## Task requirements
Reproduce the data below word for word, setting aside any picture it holds.

## Dataset extract
◇ ◇ ◇ ◇

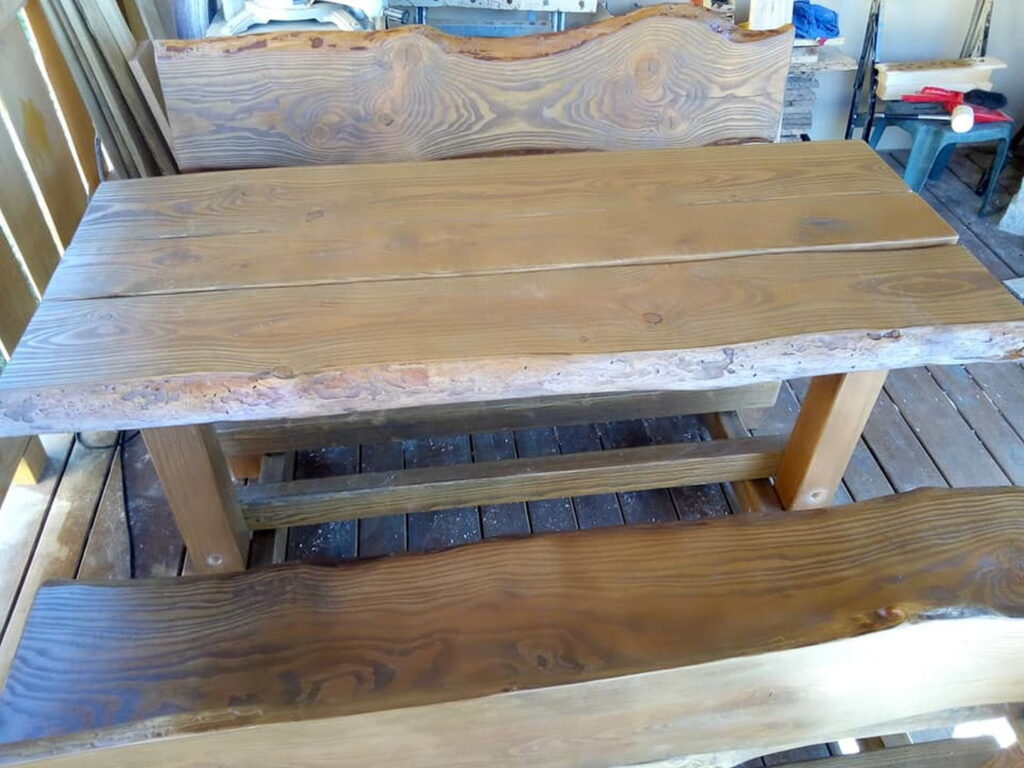 12 Masivni Nabytek 03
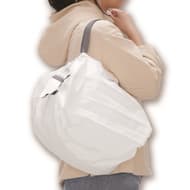 「Shupatto コンパクトバッグ」に新色「ホワイト」--一気にたためて人気のエコバッグ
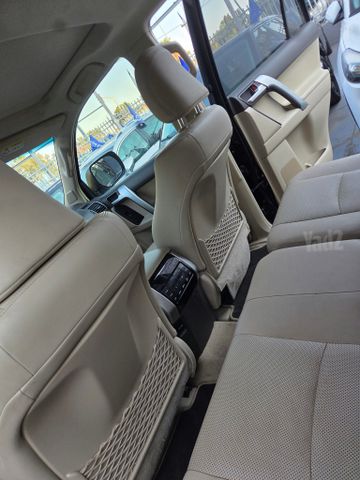 טויוטה לנד קרוזר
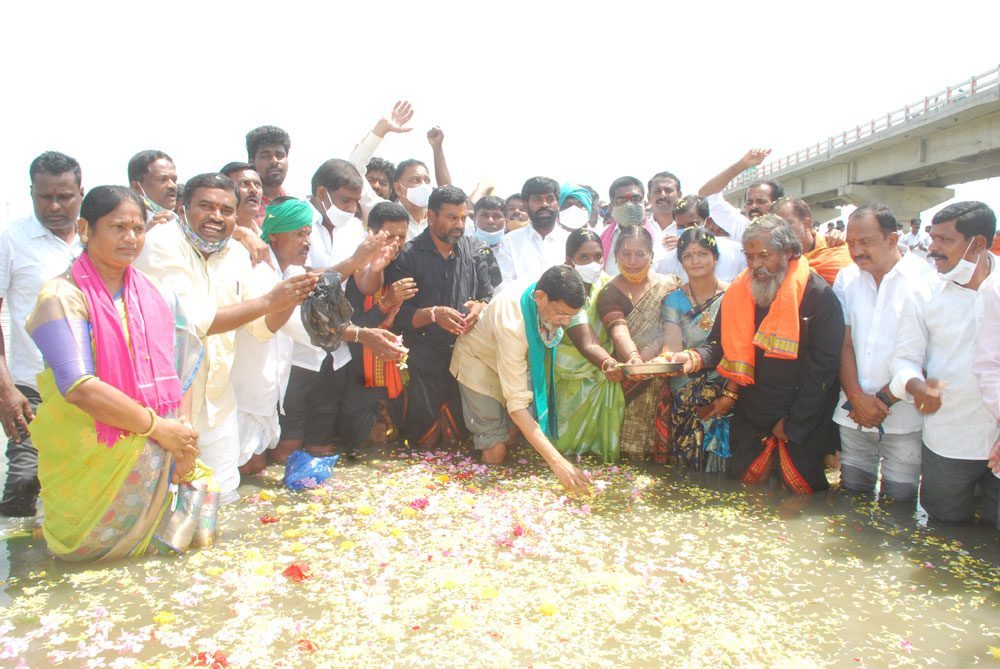 ఎగువ మానేరుకు కూడవెల్లిన గోదారి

◇ ◇ ◇ ◇

## Reply
 12 Masivni Nabytek 03
 「Shupatto コンパクトバッグ」に新色「ホワイト」--一気にたためて人気のエコバッグ
 טויוטה לנד קרוזר
 ఎగువ మానేరుకు కూడవెల్లిన గోదారి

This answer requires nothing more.